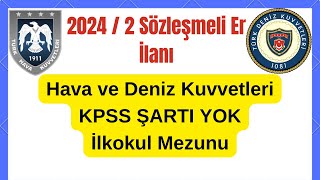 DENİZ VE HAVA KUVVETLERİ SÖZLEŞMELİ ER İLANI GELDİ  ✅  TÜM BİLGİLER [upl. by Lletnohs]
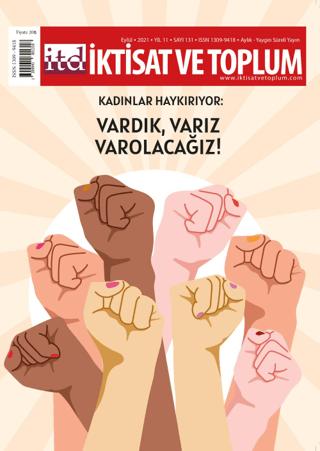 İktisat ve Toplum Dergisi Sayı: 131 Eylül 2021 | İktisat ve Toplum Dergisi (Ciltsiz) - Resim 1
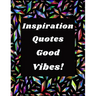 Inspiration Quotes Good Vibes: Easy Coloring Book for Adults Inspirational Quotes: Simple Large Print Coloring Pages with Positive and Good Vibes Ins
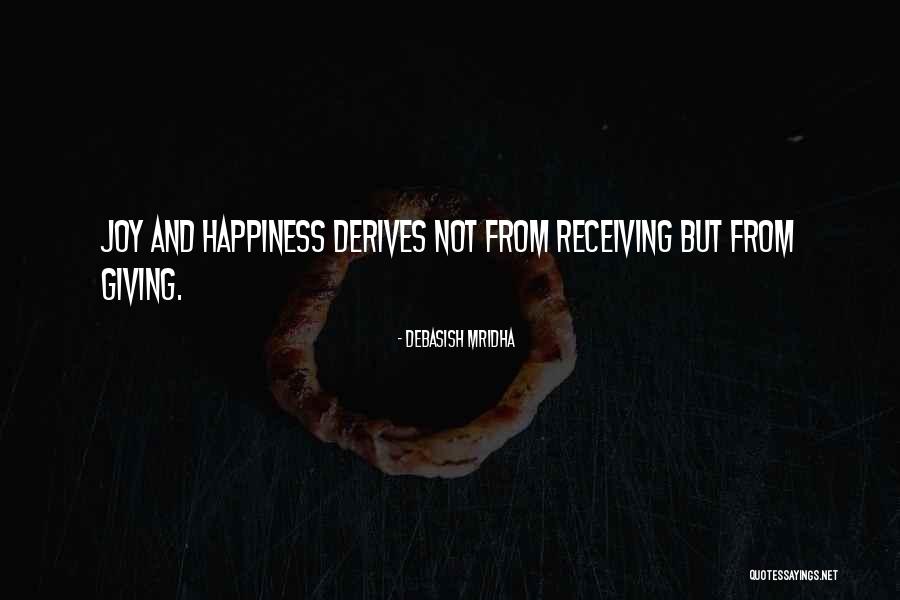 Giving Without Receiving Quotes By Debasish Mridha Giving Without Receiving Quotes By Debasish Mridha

--

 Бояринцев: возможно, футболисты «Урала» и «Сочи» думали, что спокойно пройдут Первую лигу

● WORK ORDER: Starting with the line that has "İktisat ve Toplum Dergisi Sayı: 131" and going on through the line that has "Giving Without Receiving Quotes By Debasish Mridha Giving", transcribe the records above exactly, but skip the pictures.

● WRITTEN REPLY:
 İktisat ve Toplum Dergisi Sayı: 131 Eylül 2021 | İktisat ve Toplum Dergisi (Ciltsiz) - Resim 1
 Inspiration Quotes Good Vibes: Easy Coloring Book for Adults Inspirational Quotes: Simple Large Print Coloring Pages with Positive and Good Vibes Ins
 Giving Without Receiving Quotes By Debasish Mridha Giving Without Receiving Quotes By Debasish Mridha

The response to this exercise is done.